Partial costs ("costs on a partial indemnity basis") might be awarded for conduct that was "clearly unreasonable"; but if the conduct went beyond "unreasonable", and became (in terminology that originated in the Courts) "reprehensible, scandalous or outrageous", then the Board could consider costs at a higher "substantial" or "full" indemnity basis. Mason cited the following explanatory passage from Wal-Mart Canada Corp. v. Signum Corp., [2004] O.M.B.D. 1234:
(For) clearly unreasonable conduct, the Board must then determine whether this conduct was such that costs should be awarded on a full indemnity basis or on the lesser partial indemnity basis... The Board adopts the test used by the Courts in determining whether a costs award should be made on a substantial indemnity basis: was the conduct of the party against which costs are sought reprehensible, scandalous or outrageous?
"Clearly unreasonable" is not synonymous with any of "reprehensible, scandalous or outrageous".

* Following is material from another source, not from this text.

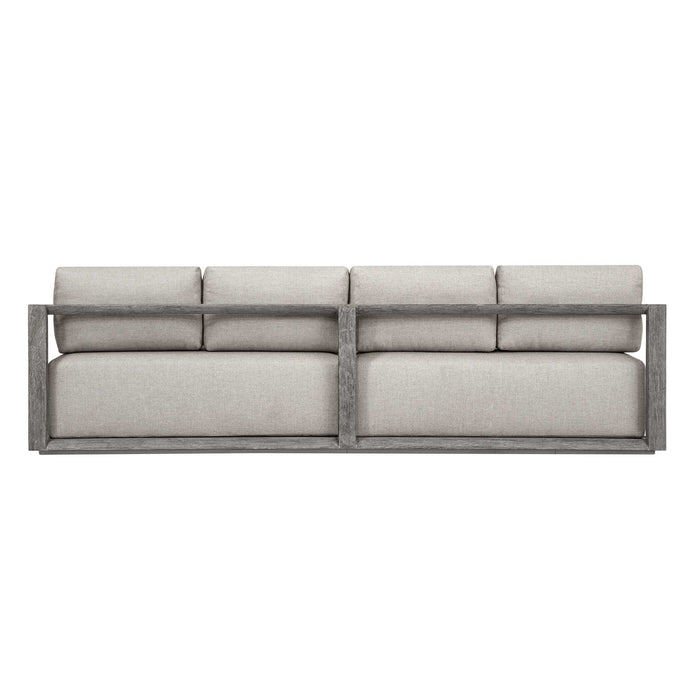 Remsen - Outdoor Large Sofa - Weathered Gray / Dove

101However, the source of the Tribunal’s costs powers is s. 17.1 of the SPPA, which is more limited than either the OMB or the Court’s costs powers. The OMB in Richcraft adopted a hierarchy of conduct used by the court in decisions on costs. The Tribunal’s Rules regarding costs, however, do not distinguish between costs for unreasonable conduct and those for frivolous, vexatious or bad faith conduct. The Tribunal must be guided by the objectives of its Rules regarding costs, as set out in Rule 212 and included in the Appendix attached to this Order.
102Despite the discretion provided in Rule 220, Rule 229 establishes maximum levels for legal and consulting fees and disbursements. The Tribunal will consider the costs at the maximum rates under Rule 229.
Mr. Krek’s Costs
103It is uncontested that Mr. Krek’s costs were properly documented and consistent with the Rules’ principles. This analysis will therefore focus on whether the costs are eligible under Rule 212 and Rule 217 paragraphs (a) and (b).

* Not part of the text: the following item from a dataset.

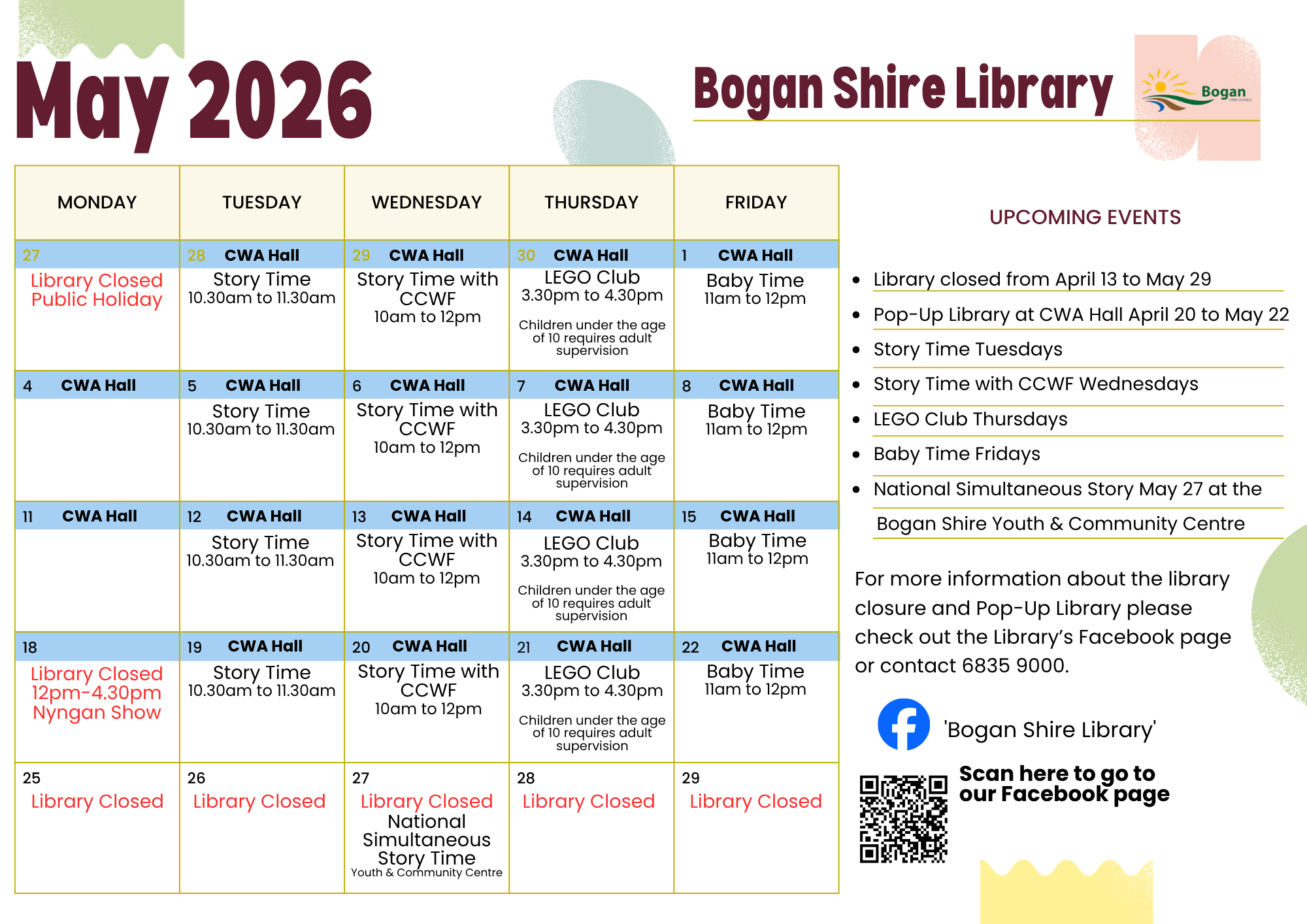Library Calendar 2026 14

Eligible expenditures for participation in a proceeding
104Mr. Krek includes consultants’ fees for steps taken to comply with the Director’s Order, listed as “Morrison Environmental Costs for provision of alternate drinking water and vapour testing”, and Stantec’s costs to comply with the Order. Mr. Krek submits that the steps he has taken to comply with the Director’s Order, and to comply with the terms of a stay agreement with the Director, are costs incurred in connection with the appeal proceedings. He submits that “had the MOECC been aware of Mr. Knoppke’s conduct previously, the PO Order and Director’s Order would not have been issued to Mr. Krek.”
105Mr. Knoppke, on the other hand, submits that costs necessarily incurred to comply with the Director’s Order are not recoverable. He argues that there is no evidence of well tampering prior to 2014, when the Director issued the Director’s Order against Mr. Krek. Mr. Knoppke submits that he should “not be held responsible for costs because the Director decided to revoke the Director’s Order, when there was ample evidence to support it.”
106The objectives of the costs provisions in part, as set out in Rule 212, are to encourage responsible conduct and discourage unreasonable conduct in proceedings before the Tribunal. The purpose is not to reimburse for remediation work that a party is found, on appeal, not to be responsible for. The purposes of a costs award reflect the Tribunal’s role in this type of appeal under the EPA, which was described at para. 9(vi) in the July 31, 2015 scoping order in this proceeding, as “not to determine fault for a spill but rather, to determine how the environmental protection objectives of the EPA should be fulfilled. See Kawartha Lakes (City) v. Ontario (Environment), 2013 ONCA 310.” Similarly, the purpose of the EPA as set out at s. 3(1) is to provide for the protection and conservation of the natural environment.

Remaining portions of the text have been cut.